Microsoft introduced XLM files in 1992 with the release of Excel 4.0. The files were commonly used by Excel users until the late-2000s, when Microsoft released Excel 2007. Excel 2007 enabled users to save macros with spreadsheets and save those spreadsheets as .XLSM or .XLTM files.
While XLM files are not as common as they once were, you may still encounter an XLM file that was packaged with an older version of Excel or created by a user. To create an XLM file in Excel 4.0 to 2003, select Tools → Macro → Record New Macro.... When creating the macro, you can assign a keyboard shortcut to run the macro.
NOTE: To view or create a macro in Excel 365, select the "View" tab, then click "Macros."
How to open an XLM file
You can open XLM files with Microsoft Excel in Windows and macOS. However, Microsoft encourages you to migrate the XLM macro to a later version of Microsoft Visual Basic for Applications (VBA).
If you encounter a "security setting" error message in Excel when trying to open an XLM file, you need to change the macro settings in the application to run the macro. To do this, follow these steps:
- Select File → Options → Trust Center and click Trust Center Settings
- Select Macro Settings, and click "Enable all macros (not recommended; potentially dangerous code can run)"

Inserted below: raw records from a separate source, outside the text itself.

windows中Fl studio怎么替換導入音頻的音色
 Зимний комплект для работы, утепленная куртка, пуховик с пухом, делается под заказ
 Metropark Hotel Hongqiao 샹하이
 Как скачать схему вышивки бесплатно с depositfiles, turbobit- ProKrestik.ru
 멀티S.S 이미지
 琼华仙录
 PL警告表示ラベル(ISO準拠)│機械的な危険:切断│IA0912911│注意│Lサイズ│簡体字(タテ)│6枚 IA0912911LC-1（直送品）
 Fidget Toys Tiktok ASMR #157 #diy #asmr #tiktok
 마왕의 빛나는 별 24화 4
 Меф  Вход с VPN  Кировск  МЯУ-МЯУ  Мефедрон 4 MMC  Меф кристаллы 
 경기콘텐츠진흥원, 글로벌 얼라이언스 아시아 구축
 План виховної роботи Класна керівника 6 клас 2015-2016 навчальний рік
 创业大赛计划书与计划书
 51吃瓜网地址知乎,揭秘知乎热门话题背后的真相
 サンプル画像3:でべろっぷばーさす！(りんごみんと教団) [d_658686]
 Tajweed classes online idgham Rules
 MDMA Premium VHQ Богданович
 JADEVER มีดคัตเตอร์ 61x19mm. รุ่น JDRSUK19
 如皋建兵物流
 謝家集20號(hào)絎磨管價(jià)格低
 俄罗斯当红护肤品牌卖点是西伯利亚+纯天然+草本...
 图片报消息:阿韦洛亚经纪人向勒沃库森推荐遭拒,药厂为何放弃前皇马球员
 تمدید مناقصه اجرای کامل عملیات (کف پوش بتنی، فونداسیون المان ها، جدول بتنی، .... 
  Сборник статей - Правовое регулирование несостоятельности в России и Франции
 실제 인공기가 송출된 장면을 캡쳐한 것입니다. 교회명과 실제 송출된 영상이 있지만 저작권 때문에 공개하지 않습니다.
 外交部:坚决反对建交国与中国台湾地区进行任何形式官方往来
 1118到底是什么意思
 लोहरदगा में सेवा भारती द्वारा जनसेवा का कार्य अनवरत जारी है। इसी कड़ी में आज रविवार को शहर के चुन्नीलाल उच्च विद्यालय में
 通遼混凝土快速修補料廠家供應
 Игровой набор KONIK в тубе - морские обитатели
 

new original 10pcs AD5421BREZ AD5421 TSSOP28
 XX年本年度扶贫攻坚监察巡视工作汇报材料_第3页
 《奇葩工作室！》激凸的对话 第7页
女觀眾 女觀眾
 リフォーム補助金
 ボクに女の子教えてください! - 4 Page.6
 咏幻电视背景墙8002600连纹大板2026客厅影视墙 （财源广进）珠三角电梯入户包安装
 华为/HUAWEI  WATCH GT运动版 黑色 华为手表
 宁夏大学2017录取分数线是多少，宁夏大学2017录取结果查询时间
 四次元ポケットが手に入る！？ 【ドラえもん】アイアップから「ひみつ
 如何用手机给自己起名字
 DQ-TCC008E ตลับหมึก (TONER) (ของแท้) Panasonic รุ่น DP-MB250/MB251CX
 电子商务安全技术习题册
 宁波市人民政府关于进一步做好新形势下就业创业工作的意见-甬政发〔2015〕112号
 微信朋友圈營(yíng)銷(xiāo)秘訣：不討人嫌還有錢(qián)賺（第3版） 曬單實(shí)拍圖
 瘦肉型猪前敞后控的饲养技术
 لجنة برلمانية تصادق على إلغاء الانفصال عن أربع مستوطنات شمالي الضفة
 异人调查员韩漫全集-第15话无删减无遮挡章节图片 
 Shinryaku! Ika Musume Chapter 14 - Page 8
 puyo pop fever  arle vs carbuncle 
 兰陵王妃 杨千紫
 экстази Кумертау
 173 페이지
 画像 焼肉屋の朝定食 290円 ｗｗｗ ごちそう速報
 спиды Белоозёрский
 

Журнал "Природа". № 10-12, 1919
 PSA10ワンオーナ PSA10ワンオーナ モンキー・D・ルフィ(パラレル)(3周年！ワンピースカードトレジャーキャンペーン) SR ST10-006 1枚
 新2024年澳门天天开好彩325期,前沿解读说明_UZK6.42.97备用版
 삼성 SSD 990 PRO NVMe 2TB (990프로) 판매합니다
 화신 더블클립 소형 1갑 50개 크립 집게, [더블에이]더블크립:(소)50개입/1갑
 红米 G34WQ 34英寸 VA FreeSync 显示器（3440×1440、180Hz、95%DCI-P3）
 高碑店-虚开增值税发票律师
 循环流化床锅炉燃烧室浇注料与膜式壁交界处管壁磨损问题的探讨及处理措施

- Select File Block Settings and choose "Excel 4 Macrosheets and Add-in files" under the "File Type" category (verify that the "Open" checkbox is checked
- Choose "Open selected file types in Protected View and allow editing" under "Open behavior for selected file types" and click OK twice.
XLM files may be used to distribute and execute malware attacks on victims' computers. To protect against malicious attacks, never double-click an unknown XLM file. Verify the legitimacy of the source of the XLM file before attempting to run the macro in Excel.